CDs won’t make you rich, but if you can grab the best CD rates on offer, you should be able to keep your money safely growing at close to the inflation rate. In other words, your savings shouldn’t be losing value.
Where to get the best rate on a CD depends, which is why it behooves you to shop around. Big banks can be pretty stingy when it comes to deposit rates of return. Online banks are aiming to steal as much business as they can and will offer higher rates to help meet that goal. It’s not just online banks that may be offering a competitive rate. Regional banks and credit unions also are competing for your banking dollars and will offer enticing rates on CDs.

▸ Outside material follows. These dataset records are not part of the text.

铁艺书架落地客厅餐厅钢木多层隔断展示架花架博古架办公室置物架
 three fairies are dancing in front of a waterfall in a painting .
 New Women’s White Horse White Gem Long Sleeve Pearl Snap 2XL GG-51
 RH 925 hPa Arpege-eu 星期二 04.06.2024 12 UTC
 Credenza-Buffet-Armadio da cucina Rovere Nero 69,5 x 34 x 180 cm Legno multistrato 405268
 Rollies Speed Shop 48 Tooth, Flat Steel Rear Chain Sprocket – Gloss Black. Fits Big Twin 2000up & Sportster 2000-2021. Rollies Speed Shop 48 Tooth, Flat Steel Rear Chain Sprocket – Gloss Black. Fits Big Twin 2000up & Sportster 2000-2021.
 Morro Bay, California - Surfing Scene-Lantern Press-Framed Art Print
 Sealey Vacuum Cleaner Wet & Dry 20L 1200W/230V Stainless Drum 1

Choosing the right CD is a function of APY, timing and your specific savings goals. Ultimately, you want to go with the bank that offers high rates in an FDIC insured account. That means depositors are protected up to $250,000 per ownership category, per bank. Credit unions are insured up to the same amount by the National Credit Union Share Insurance Fund. Look at the APY when comparison shopping. Otherwise known as the annual percentage yield, APY gives you the percentage you’ll earn on your investment after one year on a compounding basis.
When it comes to CDs, you have options. Certificates of deposit come in different maturities ranging on average from one to five years, although some offer shorter and longer terms. Rule of thumb: The longer your money is locked up in a CD, the higher the APY will be. But you do pay for that higher fixed return. Should the Federal Reserve resume raising interest rates, you could miss out on a better-paying savings vehicle. There also are penalties involved if you withdraw money from your CD early.